An die eigentlich notwendigen Eingemeindungen traut sich kein Politiker heran. Und natürlich spielt auch der exorbitante Anstieg der Mieten und das noch größere Plus bei den Grundstückspreisen eine wichtige Rolle beim Entstehen des unangenehmen und stets ein wenig diffusen Gefühls, es könne doch so nicht ewig weitergehen. Vor allem, wenn das Einkommen nicht im gleichen Maße mitangestiegen ist.

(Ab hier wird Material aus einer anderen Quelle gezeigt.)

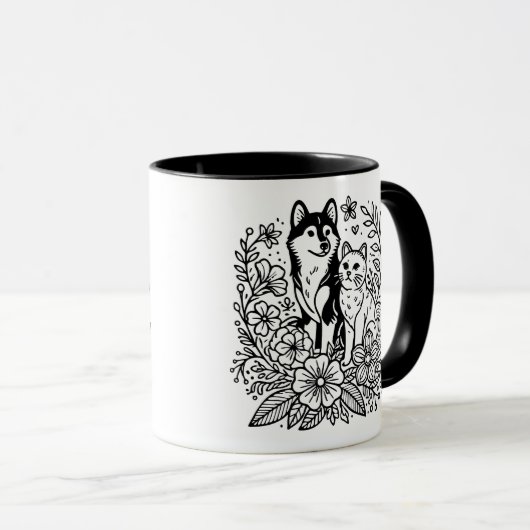 Modern Husky and Cat Line Art Tasse (VorderseiteRechts)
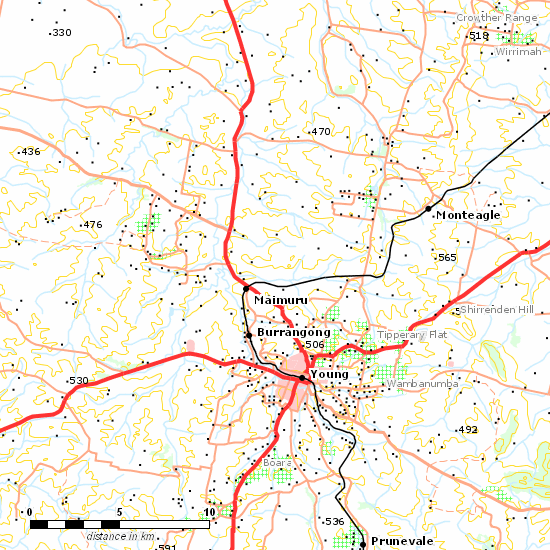 Blayney - Demondrille Line line map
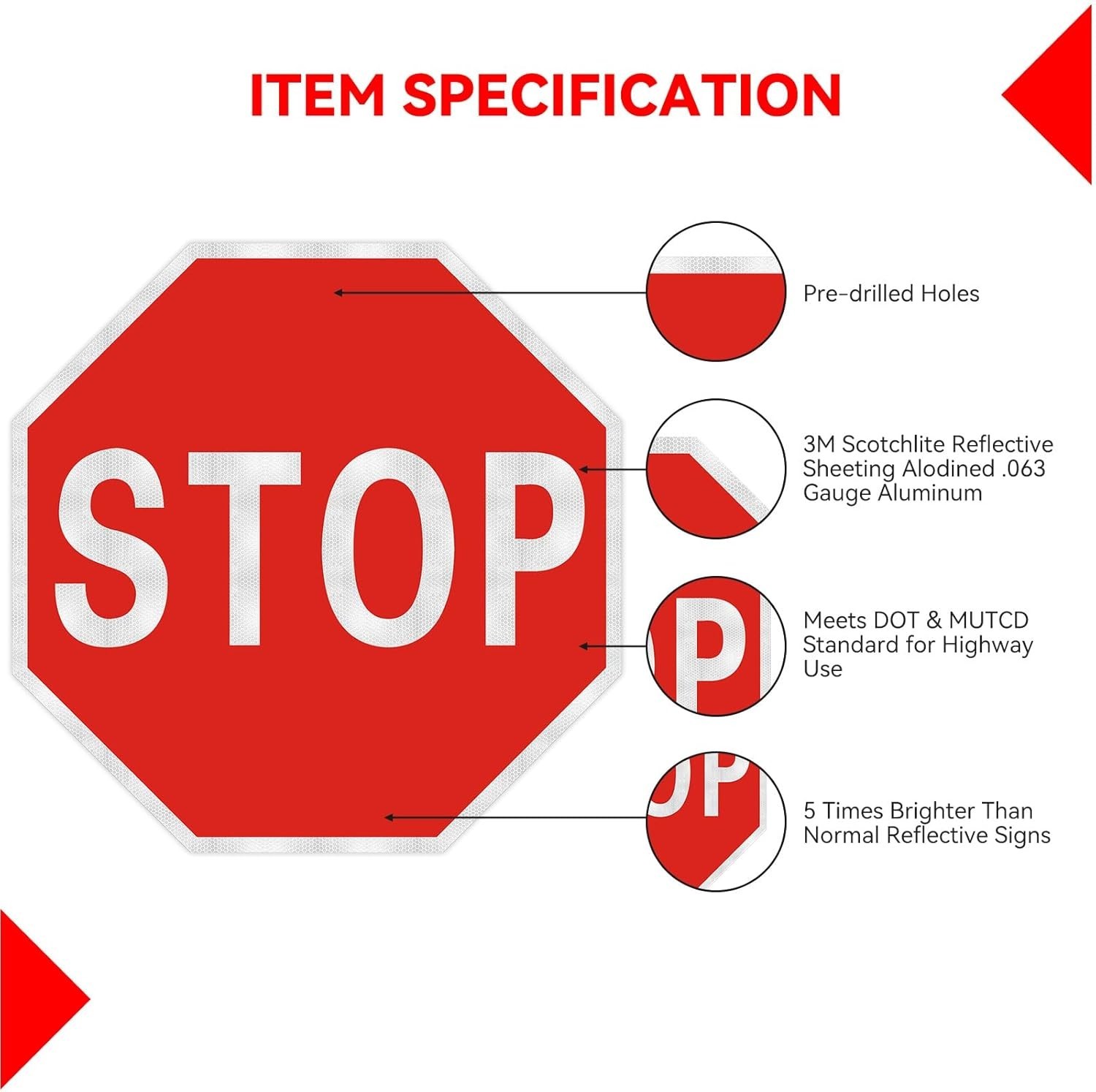 12×12 Stop Sign Octagon Aluminum Reflective Metal Traffic Sign Rustproof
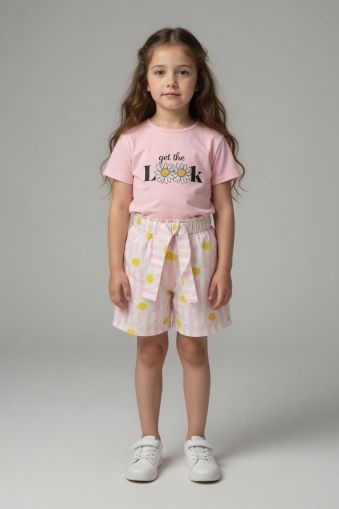 Set copii 2 piese bumbac imprimeu casual confortabil - Img 2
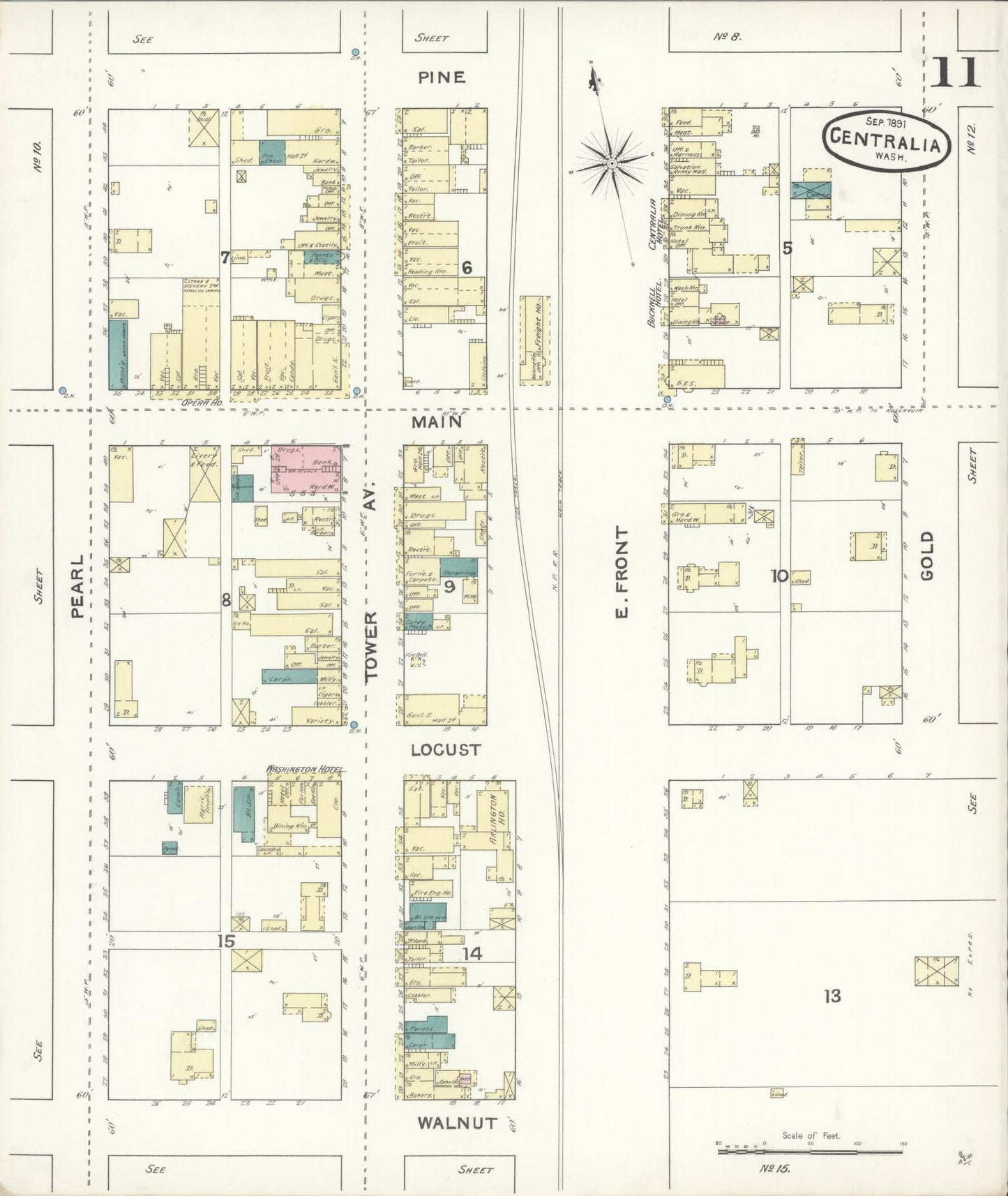 Sanborn Fire Insurance Map from Centralia, Lewis County, Washington (1891), Sheet #0011 - Complete Map Set gallery image, historic Sanborn map, vintage wall art, Washington Washington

Da die direkte Abschottung einer Stadt weder verfassungsrechtlich möglich noch politisch en vogue ist, verlegen sich die Wachstumsskeptiker auf die Wirtschaft: Arbeitsplätze haben weiteren Bedarf an Wohnraum zur Folge, lautet die (zweifellos nicht völlig falsche) Logik. Wer also keine neuen Arbeitsplätze schafft und keine Gewerbegebiete mehr ausweist, entlastet den Wohnungsmarkt. Dieses Denken allerdings offenbart ein wirtschaftspolitisches Grundverständnis, bei dem einem das Gruseln kommt. Käseglocke drüber und einfach auf dem Status quo weitermachen?

So funktioniert Wirtschaft nicht, die sich ja schließlich in einem stetigen Wandel befindet. Auch alteingesessene Unternehmen wollen expandieren - und wird ihnen das verwehrt, suchen sie sich einen neuen Standort. Jobs in neuen Branchen entstehen. Und: München wächst auch aus sich selbst heraus, ganz ohne Zuwanderung. Die Zahl der Geburten übersteigt seit Jahren die der Sterbefälle. Auch das löst Bedarf aus: an Wohnungen und an Arbeitsplätzen. Wollen die Münchner wirklich ihren Kindern die Jobs verweigern?

Es ist daher kein Zufall, dass die Parteien, die politische Verantwortung tragen, vor der vermeintlichen Logik der Wachstumsskeptiker warnen. Zumal in München die Fläche für Gewerbe in den vergangenen Jahren sogar zurückgegangen ist, weil es lukrativer war, Wohnungen zu errichten. Eine Kommune mit ihren begrenzten Möglichkeiten kann Wachstum in einer freizügigen Gesellschaft zu gestalten versuchen. Aber nicht bremsen oder gar stoppen.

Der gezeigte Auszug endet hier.